Input
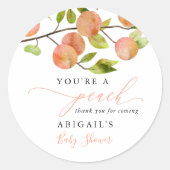 スウィート素朴ピーチベビーシャワーフアワークラシックラウンド ラウンドシール (正面)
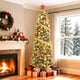 thumbnail image 1 of Holiday decoration: 6 ft flocked pencil pre - lit frosted slim artificial christmas tree con pine cones, 250 tamaño completo warm blanca LED lights, foldable base y fácil montaje, 1 of 8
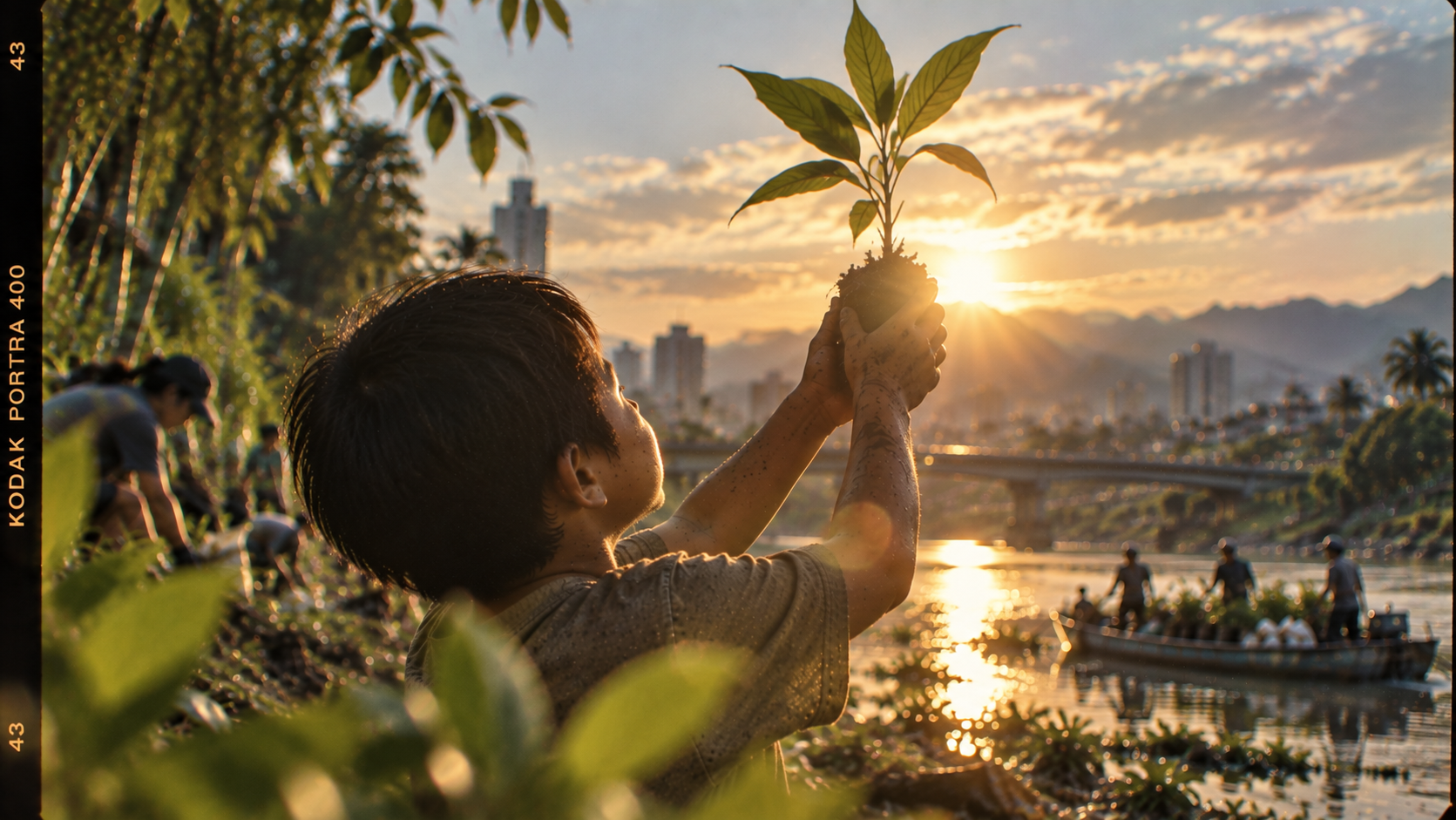 A boy holding a bamboo plant in a Kodak film frame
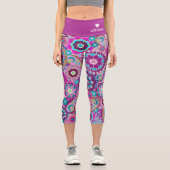 レトロファンキー花柄の名前 – 紫色の青 カプリレギンス (正面)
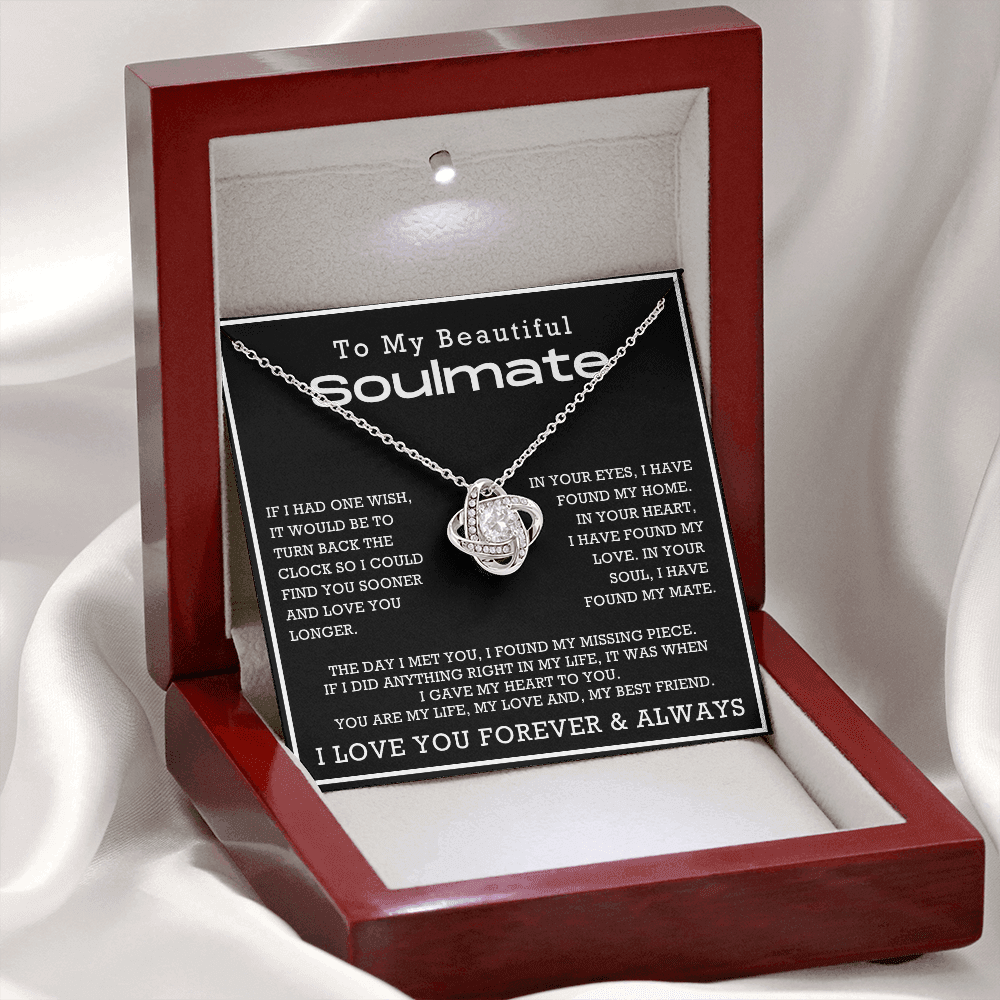 To My Beautiful Soulmate Love Knot Necklace, Anniversary Gift for Girlfriend with Message Card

Problem to solve
Leaving each image aside, repeat the listing above exactly.

The completed task
 スウィート素朴ピーチベビーシャワーフアワークラシックラウンド ラウンドシール (正面)
 thumbnail image 1 of Holiday decoration: 6 ft flocked pencil pre - lit frosted slim artificial christmas tree con pine cones, 250 tamaño completo warm blanca LED lights, foldable base y fácil montaje, 1 of 8
 A boy holding a bamboo plant in a Kodak film frame
 レトロファンキー花柄の名前 – 紫色の青 カプリレギンス (正面)
 To My Beautiful Soulmate Love Knot Necklace, Anniversary Gift for Girlfriend with Message Card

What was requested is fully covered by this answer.